Tag Archives: film

Charles Walton on Les Misérables

You may find Charles Walton’s review of the new film version of Les Misérables interesting:

Victor Hugo was no Karl Marx, but he did believe in progress through revolution — a fact that viewres of Tom Hooper’s new film Les Misérables, would never guess.  Adapted from the immensely popular musical version of Hugo’s classic (first performed in Paris in 1980), Hooper’s cinematic rendering is stunningly staged and brilliantly performed, but it cuts the author in half: it gives us the religious Hugo, not the revolutionary one.  It tells the story of individual redemption through an odyssey of Catholic conscience, not of France’s collective redemption through political violence.

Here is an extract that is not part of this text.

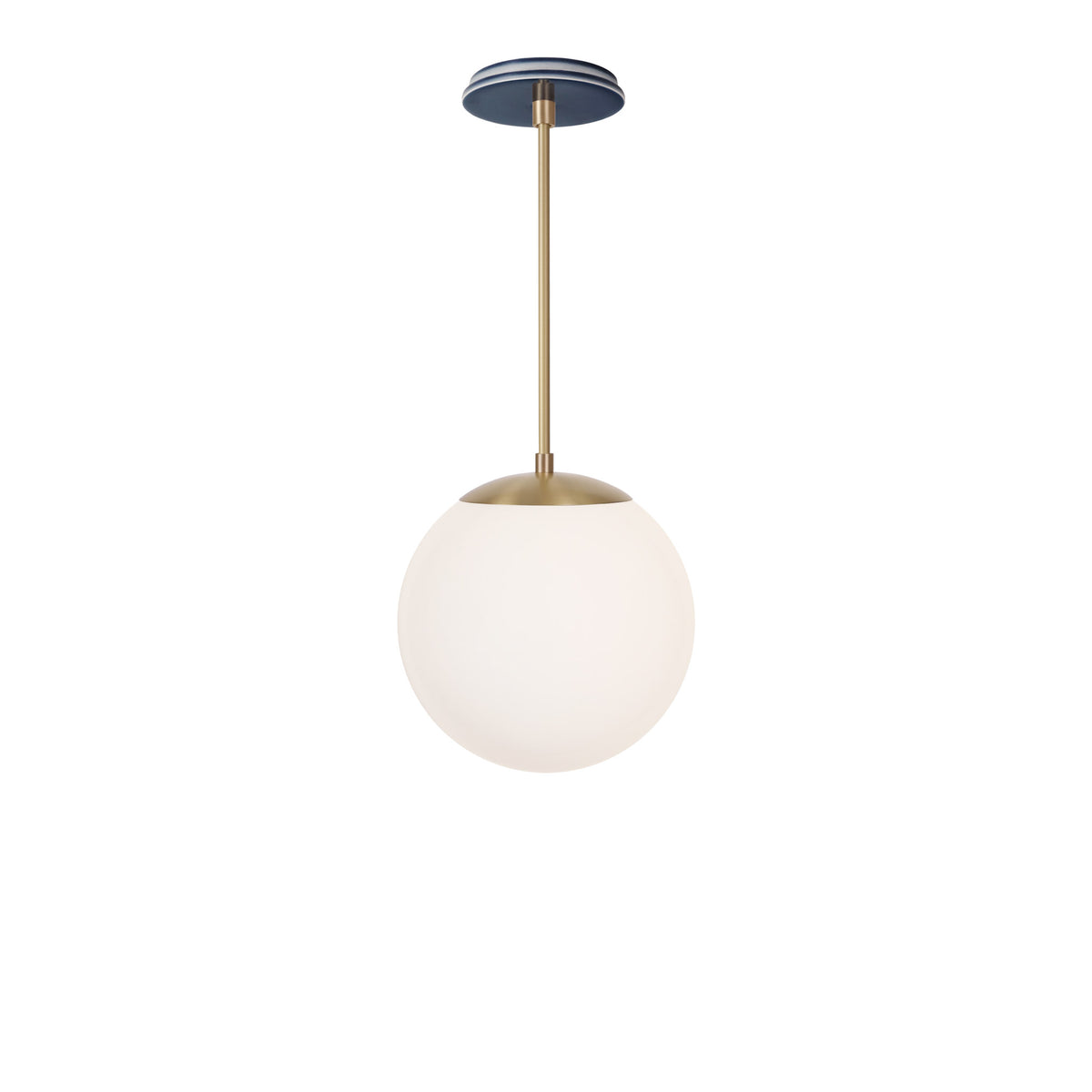 Alto Rod 10” Opal shown in Brass with an Indigo Blue Swift Ceramic Canopy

Why does the movie-musical present revolution as pointlessly utopian rather than as a venerable, if tragic vehicle of change, as Hugo saw it?  The reason, perhaps, has to do with our own pessimistic view of revolution.  In recent decades, cynicism has replaced idealism, and revolution has come to be seen as the high road to totalitarianism.  Utopianism leads only to guillotines, gulags, and killing fields, not to freedom.  Today, we tend to see revolution not through Hugo’s optimistic lenses but through those of his pessimistic contemporary, Alexis de Tocqueville.

Please read this review for class on Monday.  Now that we’ve read a bit of Tocqueville ourselves  we’ll discuss whether you agree or disagree with Professor Walton.